If you would like to learn more about Galaxy follow this link.

Submitted by James Boocock on


Does XML really make things simpler?

Thanks James, this is really interesting. Looking at the website, it seems that the focus of Galaxy is really about facilitating "accessible, reproducible, and transparent computational biomedical research". Do you think that a besopke XML format could be a bit of a barrier to entry? I guess it's better than the most likely alternative, writing small scripts. The focus for Galaxy seems to be on maintaining provenance and could possibly sacrifice usability to some degree to achieve that.

Do you have any dealings with researchers and what they think of the system?


Hi Tim thanks for your comment.

Yes you are right it can be difficult at times to write the xml tool wrapper and I agree it is a barrier to entry. Keeping this in mind the galaxy mailing is very active and new users are constantly querying the list and getting help when starting out using galaxy. Seen as XML is rigid and well defined simple tools are really easy to create as the documentation on the syntax is easy to follow.

Many researchers are not in the business of creating for galaxy tools. Those who are skilled in bioinformatics ( know how to program ) often are the ones putting the tools into galaxy. Galaxy has support network for people to add custom to the galaxy tool shed and a galaxy maintainner can add those tools to their galaxy very easily. A simpler less flexible method of adding tools would not have the ability to add any command line into galaxy. 

The end-user who needs to perform a task on a set of data can do so from within galaxy provided the tool is avaliable or visit the toolshed/us in biochem at otago and get a tool added so they can progress with their research.

Researchers at Otago in the department are keen on using galaxy, some datasets have been added and shared with the users of our server and tools. These command-line tools used to be in a reference book that was passed around the lab whenever someone needed to perform that task.

Heres the tool xml specification if you are interested.

Second Opinion

Well that certainly sounds promising compared to what we had to go through in genetics. Believe it or not, barely 2 years back, in one of the "dry" labs, we were completing a PCR experiment, we got given the base sequence for several isoforms of a nicotinic acetyl choline receptor and were expected to manually go through and find the area of highest base similarity...quite painstaking for the class, even with the whole classing going at it, and quite error prone. When I asked why we couldn't just use a program to do it as we had for BLAST ect, he said there was not tool that they currently had access to which does that.

I ended up writing something rudamentry for this purpose and hosting it on myown personal site:

But it took quite a while and is not available to anyone really.
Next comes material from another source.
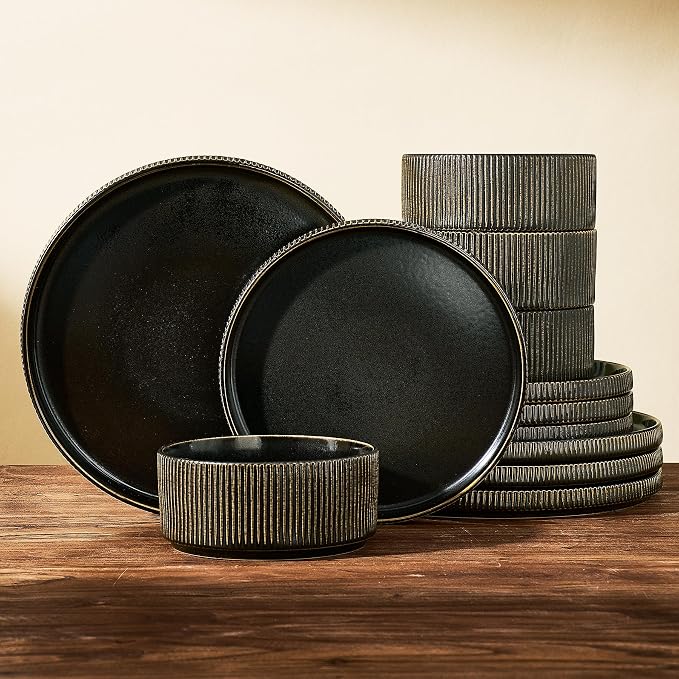Stoneware Dinnerware Set for 4, Reactive Glaze, Black Gold | 12 pcs Ceramic Plates and Bowls, Handmade Ribbed Dishes, Everyday Use, Microwave & Dishwasher Safe, Chip & Scratch Resistant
Its nice to see that this will provide a more open means to share these programs so that future students don't bleed from the eyes while searching by hand for the mysterous line of highest sequence homology.

Anyway as a side-point in my ramblings, I graduated in Biomedical Science, so if you want a relatively lay person from an XML point of view to assess the usability, I am at your disposal.


Too True.

HI Brendan,

I am also currently a genetics student and many of the things you have said also ring true for me. Thanks for your input by the way.

On a side note I tried to register for the game at your domain and the validation link does not work could you look into this 


Hi Brendan,

We would appreciate the feedback. We currently have a couple of labs using our tools at the moment here at Otago but any others are definately welcome. It currently isn't outside of Otago accessible but that will be changing shortly, when we do have an instance of Galaxy set up for NZ researchers, probably hosted by NeSI then we would definately appreciate any feedback. Tasks such as the one you listed above are already in place within Galaxy (added by the Galaxy developers) so hopefully people shouldn't struggle with those! Being able to perform difficult manual tasks with the aid of a computer which can avoid human-made errors is the reason we have worked hard on this project, Galaxy really is something to keep your eye on when doing research in this field.